Em 15/04/2022 às 14:30:39

A guerra na Ucrânia ainda não acabou, mas ela já coloca pontos importantes para o debate do que vai ocorrer no futuro. A sensação é de que a guerra catalisou um processo que poderia se estender por décadas, e na forma de uma transição negociada, talvez, embora o mérito da transição – a disputa hegemônica entre EUA e China – seja um tema em que normalmente não se dê sem rupturas importantes. De todo modo, o processo que vivemos desde 2020, com a pandemia e, depois, a invasão da Ucrânia, acelera esse processo.

Dois elementos aqui parecem centrais, um relativo a um aspecto mais diretamente voltado à produção, e outro relativo ao mundo financeiro.

No que se refere à produção, o ponto é a desconexão de antigas cadeias globais de produção. Esse processo em realidade começou antes da pandemia, com políticas nacionais de reindustrialização, de reativação de setores industriais nacionais em alguns países. Em parte, isso foi viabilizado pela nova onda de inovações tecnológicas, apelidada de Economia 4.0. Só para dar um exemplo, se é possível produzir em escala eficiente com impressora em 3D, a questão do custo de mão de obra perde relevância para a localização de um setor de produção. Assim, esse movimento já estava em curso, embora de forma lenta e pouco explícito.

Com o Governo Trump nos EUA, esse processo foi assumido para alguns setores, afinal o voto do chamado “cinturão da ferrugem” havia sido importante no processo eleitoral e era preciso dar alguma resposta. Com a pandemia, o processo se fortaleceu e se acelerou, com a discussão do grau de importância estratégica de alguns setores. Alimentação, equipamentos hospitalares, produtos químicos e insumos farmacêuticos, e tantas outras coisas, deixavam a categoria de “commodities” e passavam a de produtos estratégicos. A guerra recolocou nesta categoria a questão da energia, vários minerais e ampliou a importância da chamada “soberania alimentar”.
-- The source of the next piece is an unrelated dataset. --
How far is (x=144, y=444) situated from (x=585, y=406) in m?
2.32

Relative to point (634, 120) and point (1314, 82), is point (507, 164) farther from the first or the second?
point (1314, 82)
O livre comércio é baseado na circulação de commodities que se diferenciam no mercado, nas vantagens comparativas, na livre circulação dos produtos. Se os produtos são estratégicos, então a localização de sua produção não é indiferente para os vários países. As cadeias de produção em que as várias etapas da produção tentam aproveitar as vantagens de localização para cada um dos insumos, globalizando a produção, retrocedem se produtos são estratégicos. A localização de sua produção não é neutra, colocando a ideia que alguns autores já chamam de “desglobalização”. Se a esse debate acrescentamos um pano de fundo de disputa hegemônica entre EUA e China, que ganha escala com a guerra na Ucrânia, está evidenciado o problema.

O ponto relativo ao mercado financeiro é a hegemonia do dólar estadunidense e dos mecanismos nas finanças internacionais que garantem essa hegemonia. Essa estruturação do sistema financeiro internacional, que vem ainda de Bretton Woods, desenhada antes do final da 2ª Guerra Mundial para funcionar na sequência, e que foi explicitada no início da década de 1970, quando o Governo Nixon nos EUA assumiu que o dólar estadunidense não tinha efetivamente lastro em ouro, serviu para azeitar o funcionamento da hegemonia dos EUA por cerca de 70 anos.

A utilização, entretanto, desses mecanismos financeiros para viabilizar sanções aos russos (já havia acontecido antes com países menores, como Iraque, mas nunca na escala atual e em relação a um país da importância da Rússia – só para lembrar, membro do G20, estrutura construída a partir de 2008 entre as principais economias para tentar administrar uma grande crise financeira no coração do capitalismo mundial, onde vários dos países, Rússia inclusive, contribuíram com recursos para tentar contornar a crise) deixou até setores conservadores e defensores do status quo da hegemonia financeira dos EUA de cabelos em pé – afinal, se os mecanismos viram “armas” de guerra, por que o conjunto de países deve acreditar e continuar apostando neles como apenas “mecanismos financeiros neutros”? Os países começam a articular saídas, que passam por estruturar mecanismos alternativos, multilaterais, regionais ou bilaterais, de modo a não depender dos canais que sancionam a hegemonia estadunidense.

Essas coisas são simples? Não. São instantâneas? Tão pouco. Mas estamos começando a ver, adentrando a terceira década do novo século, processos que talvez na virada do século fossem inimagináveis, quando a aposta geral era no aprofundamento da globalização.